SUPPLIED DATA:
================================
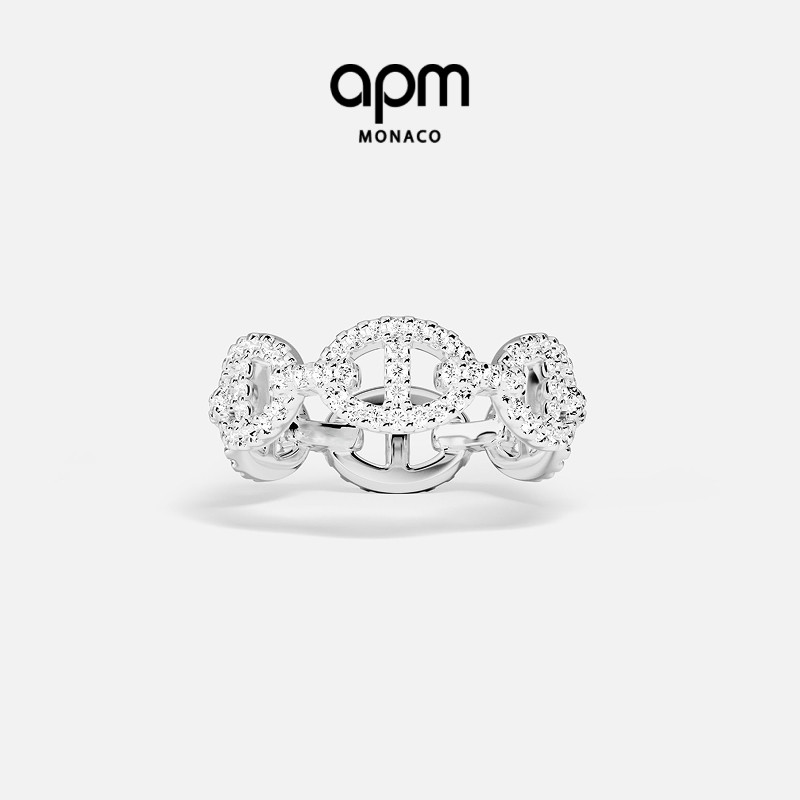 [七夕礼物]APM Monaco白色Maille Marine猪鼻子戒指 官方旗舰店 - 实物图
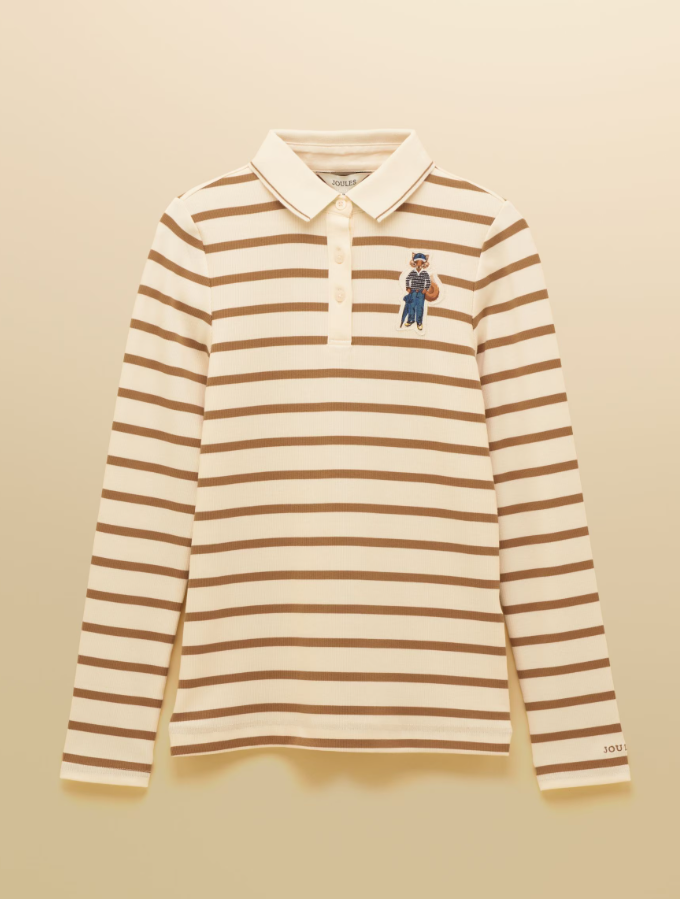 Joules Fairfield Jonty Fox Striped Ribbed Polo Shirt  Cream & Brown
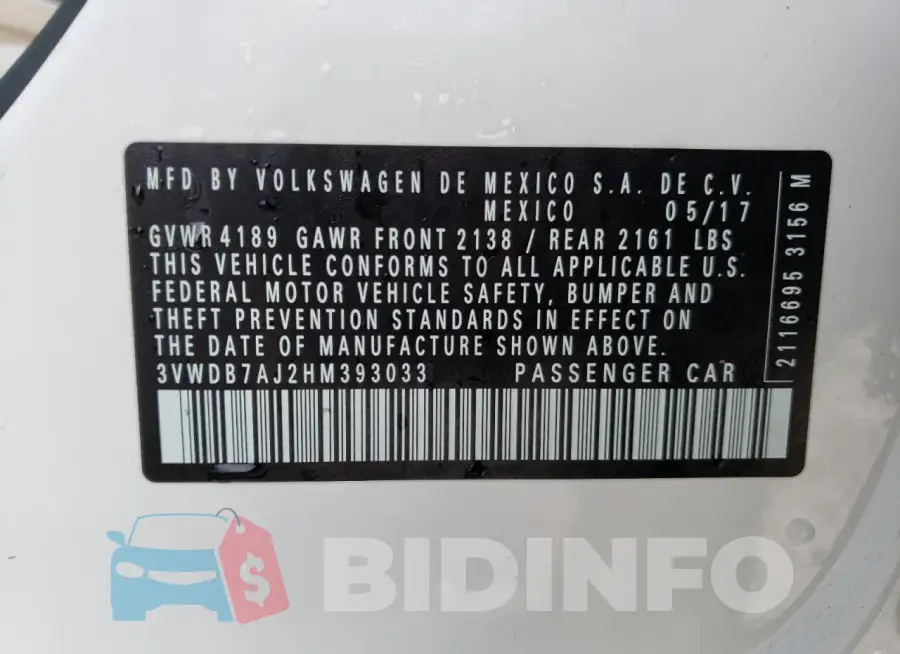 3VWDB7AJ2HM393033 Photo# 12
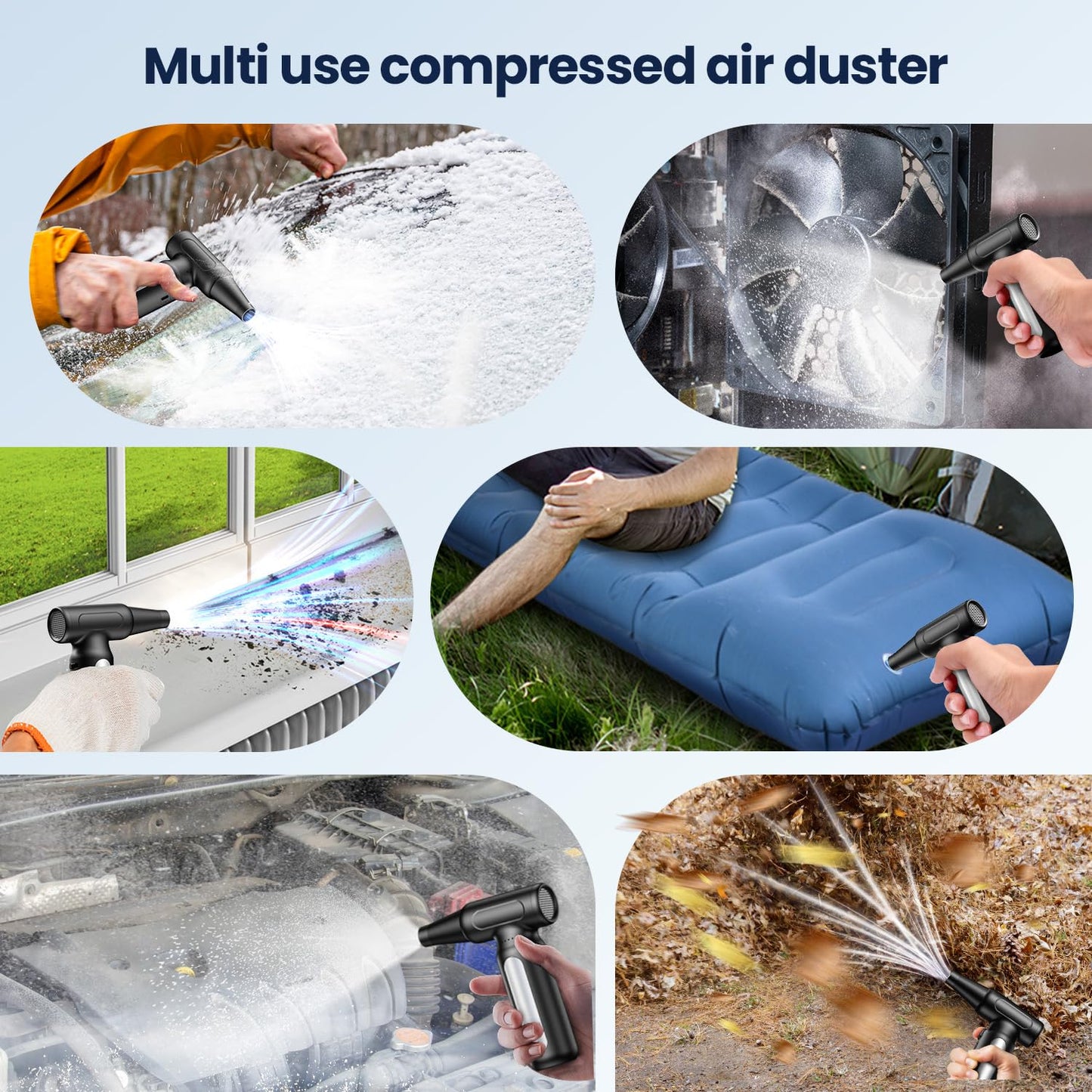 Electric Compressed Air Duster - 32,0000 RPM Rechargeable Cordless Air Blower for PC, Computer Keyboard Cleaning Kit - Mini Battery Powered Air Duster for Electronics, Car, Home - Replaces Air Cans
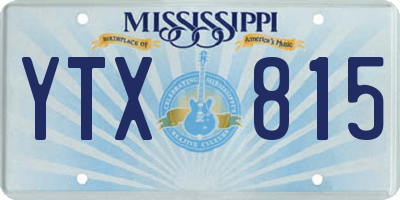 MS license plate YTX815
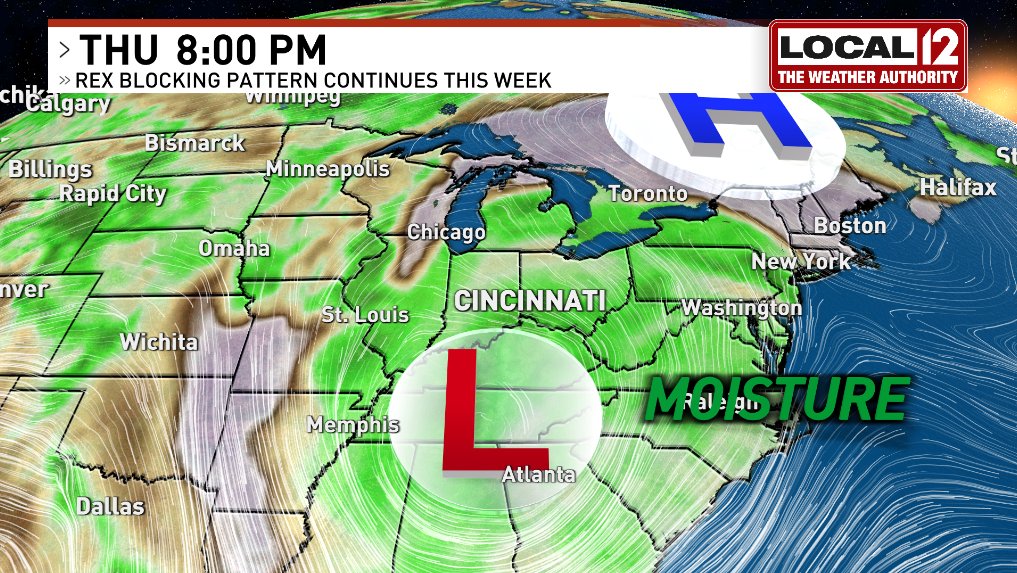 JohnGumm's tweet photo. A big traffic jam in the atmosphere called a "Rex Block" will mean daily chances for rain throughout the upcoming work week across the #Cincinnati area. This will help the abnormally dry to moderate drought conditions we continue to see. More: https://t.co/LYGTgZYHGD https://t.co/uZPlDXStuo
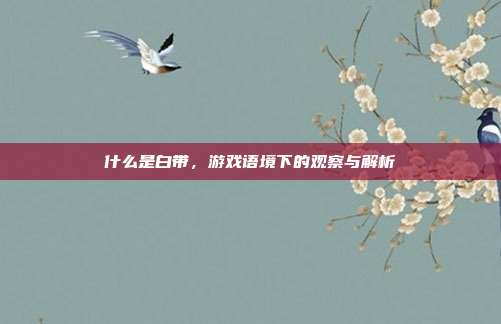 什么是白带，游戏语境下的观察与解析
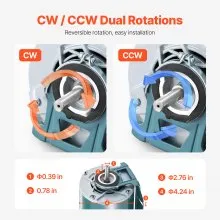 VEVOR 1/4HP Furnace Blower Motor 1725RPM, 115V 5.2A Belt Drive Blower Motor Single Phase - 0.39" Shaft Diameter, 0.78" Shaft Length, CW/CCW Rotation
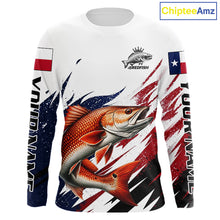 Load image into Gallery viewer, Custom Texas Flag Redfish Fishing Shirts, Texas Red Drum Fishing Shirts Long Sleeve For Team NHT913
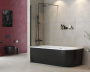 шторка на ванну cezares liberta liberta-v-1-80/155-c-nero 80 см профиль черный матовый, стекло прозрачное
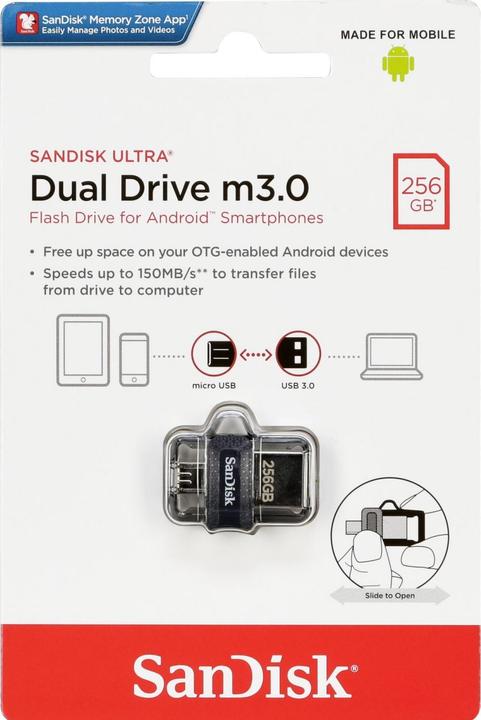 Immagine prodotto SanDisk Ultra Dual Drive M3.0 (256 GB, USB-A, Micro USB)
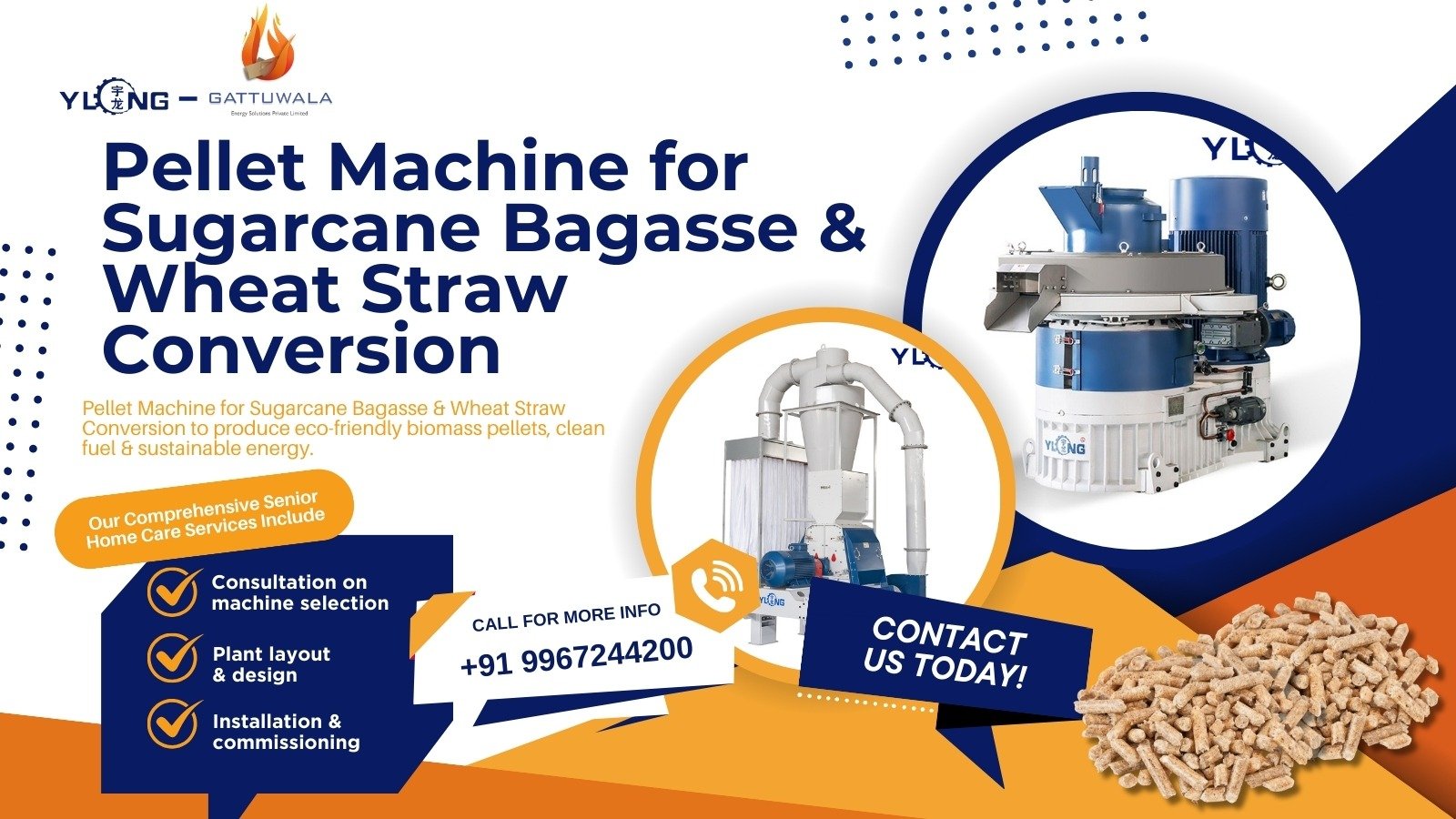Pellet Machine for Sugarcane Bagasse & Wheat Straw Conversion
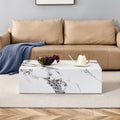 Modern Mdf Coffee Table With Marble Pattern 39.37X23.62X11.81 Inches Stylish And Durable Design W1151119518 White Mdf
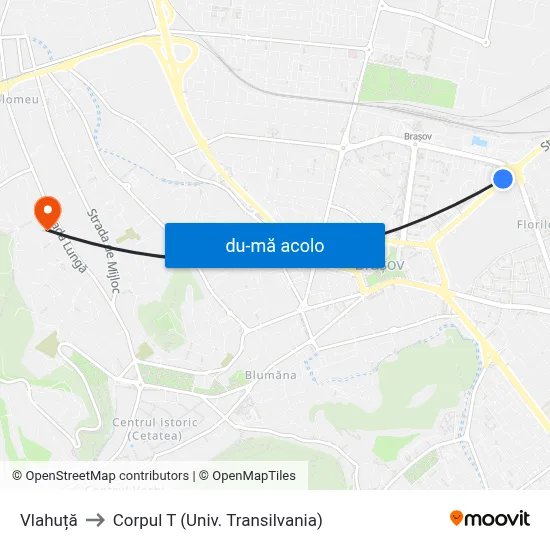 Harta de Vlahuță către Corpul T (Univ. Transilvania)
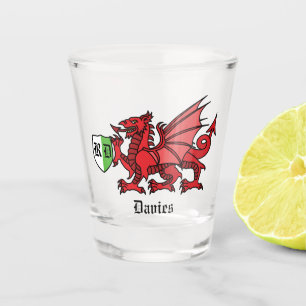 Verre A Shot Nom personnalisé Welsh Dragon et monogramme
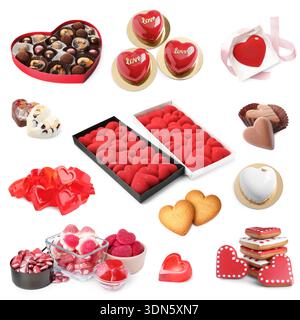 Herzförmige Süßigkeiten am Valentinstag isoliert auf weiß, Set Stockfoto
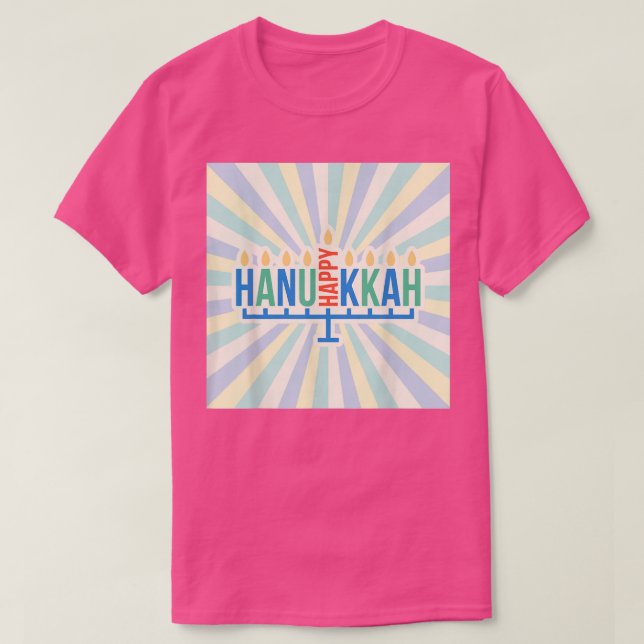Lycklig coola Hanukkah Chanukah Menorah-design T Shirt (Design framsida)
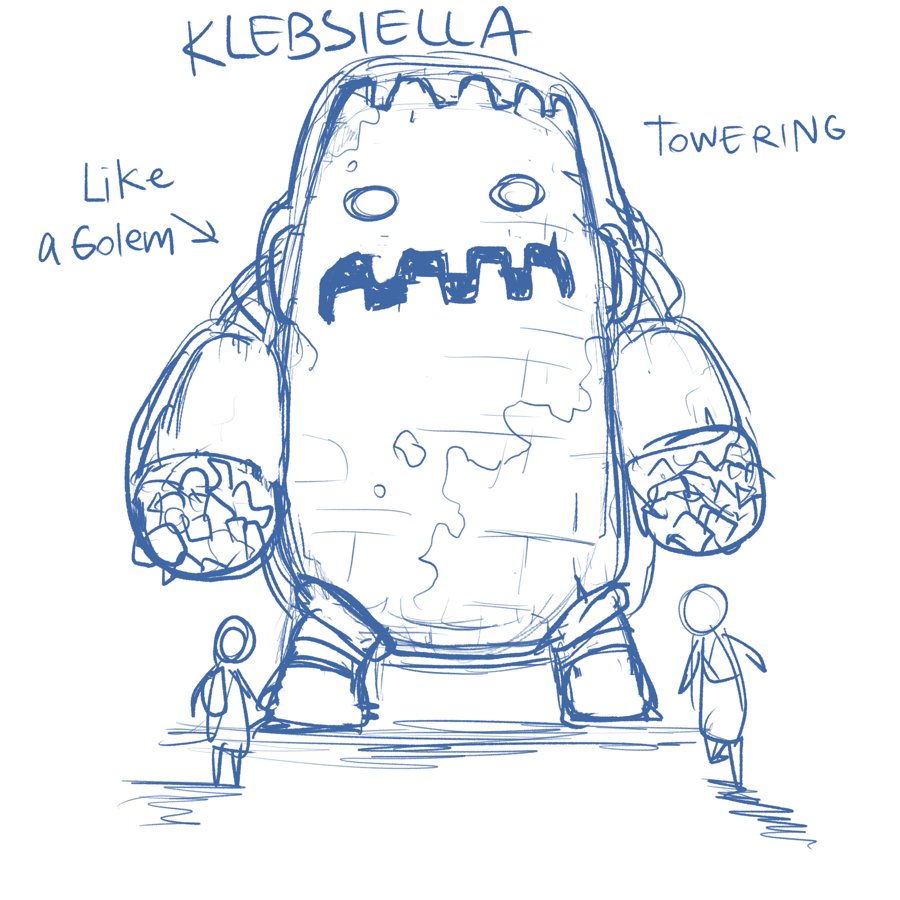 Blue pencil sketch of Klebsiella as a towering golem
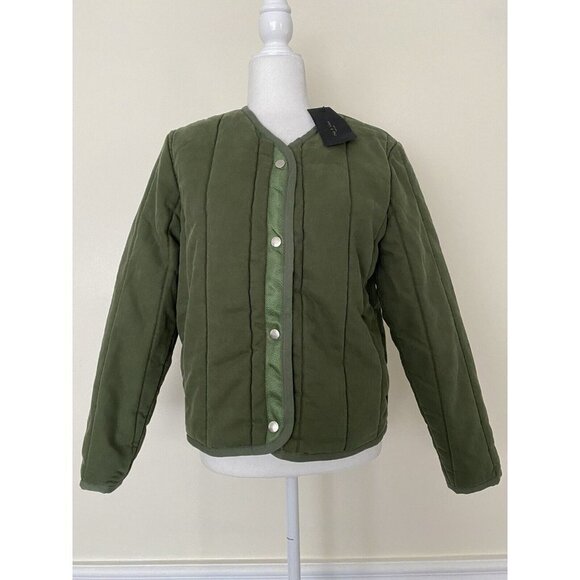 Rag & Bone Woman Liner Quilted Slub Cotton-Canvas Jacket Army Green - Picture 2 of 9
================================
GOAL OF THE EXERCISE: Pick up at the line that holds "Lycklig coola Hanukkah" and restate each line, word for word, through the last line of the entries. Include both end lines but none of the pictures.

OUTPUT FOR THIS EXERCISE:
Lycklig coola Hanukkah Chanukah Menorah-design T Shirt (Design framsida)
 Blue pencil sketch of Klebsiella as a towering golem
 Rag & Bone Woman Liner Quilted Slub Cotton-Canvas Jacket Army Green - Picture 2 of 9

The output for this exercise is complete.